Mengingat bursa transfer musim dingin baru dibuka beberapa bulan lagi, Klopp tampaknya bakal memaksimalkan Fabinho sebagai bek tengah alternatif. Saat bersua Ajax Amsterdam di matchday pertama Liga Champions musim ini (22/10), alih-alih menurunkan Gomez dan Matip sebagai duet bek sentral, Klopp lebih mempercayai tandem Fabinho dan Gomez. Hasilnya? The Reds memetik kemenangan dan berhasil mencatatkan clean sheet.
Secara taktis, ada cukup banyak gelandang bertahan yang saat bermain sebagai bek tengah justru menampilkan aksi brilian. Karakter defensif yang sama persis dari dua peran ini dinilai sebagai kunci dari mudahnya seorang pemain beradaptasi. Michael Carrick, Fernandinho, Javi Martinez, dan Javier Mascherano adalah beberapa gelandang bertahan yang tetap tampil prima saat merumput di pos bek sentral.
Fernandinho ditarik lebih ke belakang gara-gara timnya saat merumput mengalami krisis bek tengah. Di musim 2019/2020, Manchester City kehilangan Vincent Kompany dan menyisakan Aymeric Laporte, Nicolas Otamendi, dan John Stones. Ketika Laporte dan Stones absen berbarengan, Fernandinho dimainkan Pep Guardiola sebagai bek tengah darurat. Hasilnya pun lumayan bagus.
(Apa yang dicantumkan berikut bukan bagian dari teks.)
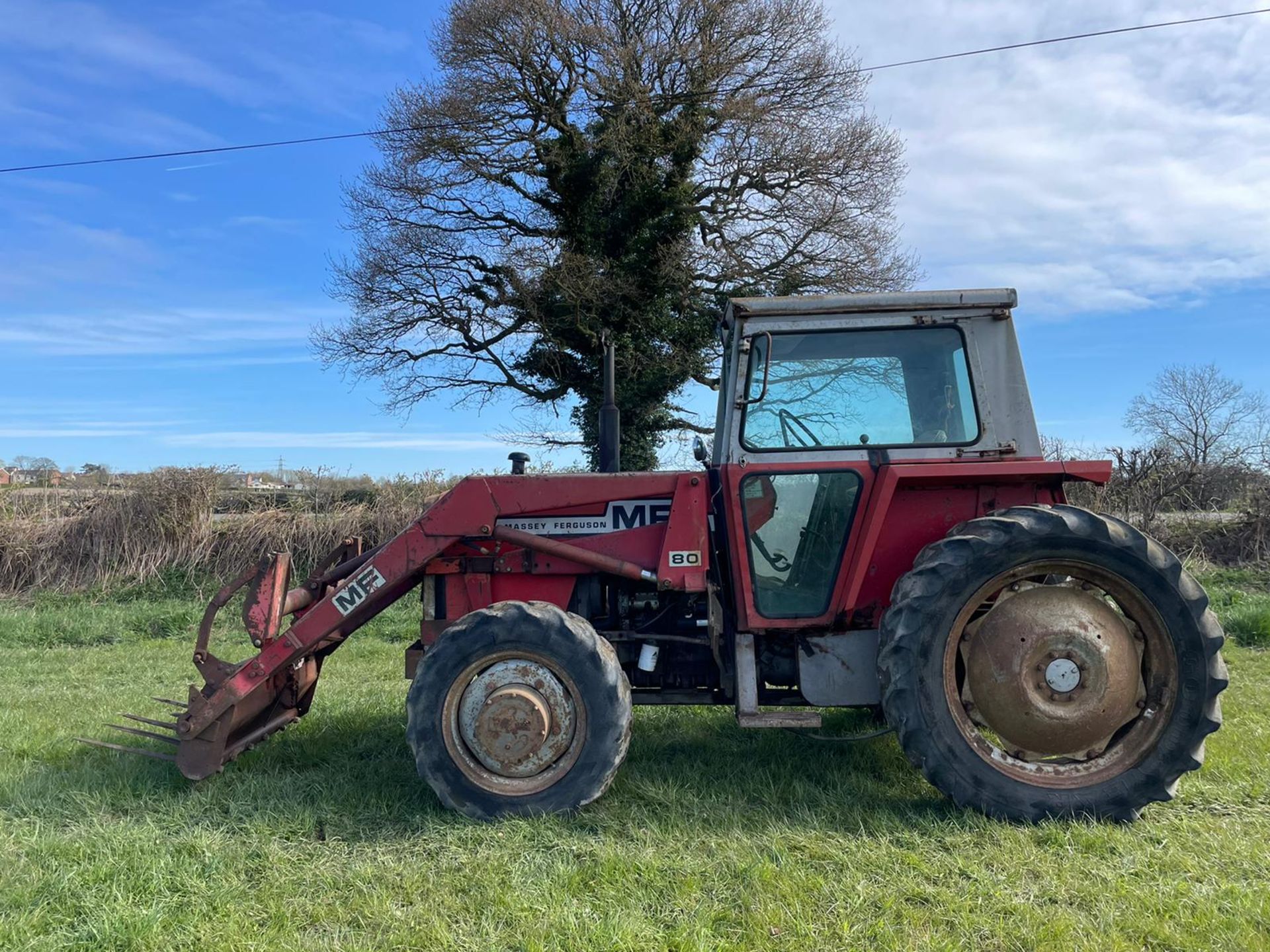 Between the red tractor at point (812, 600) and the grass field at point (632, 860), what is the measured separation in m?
0.26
Setali tiga uang, Mascherano didapuk sebagai bek tengah pada musim 2010/2011 lantaran Eric Abidal dan Carles Puyol bergantian masuk ruang perawatan. Oleh Guardiola yang ketika itu menukangi Barcelona, Mascherano disulap sebagai bek tengah dan jadi tandem Gerard Pique. Performa yang ditunjukkannya pun sangat memuaskan.
Bagi Fabinho sendiri, keputusan Klopp memainkannya sebagai bek tengah dapat dianggap sebagai berkah tersendiri. Pasalnya, lini tengah Liverpool semakin sesak lantaran dihuni juga oleh Alex Oxlade-Chamberlain, Henderson, Naby Keita, James Milner, Thiago Alcantara, dan Wijnaldum. Kesempatan mengisi pusat permainan pun tereduksi sehingga bermain sebagai bek tengah alternatif jadi kans Fabinho memamerkan kualitas seraya membuktikan esensinya di tubuh tim.
Berbekal kemampuan fisik dan teknis mumpuni, Fabinho memang pilihan terbaik untuk menutup lubang yang ditinggalkan van Dijk saat ini. Dengan begitu Klopp dapat menekan kekhawatiran suporter Liverpool sebab duo Gomez dan Matip belum teruji.
Kendati demikian, ada urgensi yang memaksa Liverpool harus mendatangkan bek tengah anyar bahkan di saat Fabinho tampil sensasional dan dapat dijadikan sandaran baru. Alasannya sederhana, musim kompetisi masih sangat panjang dan Gomez serta Matip tergolong pemain yang rentan cedera. Tak menambah amunisi baru di lini belakang akan mengganggu laju The Reds.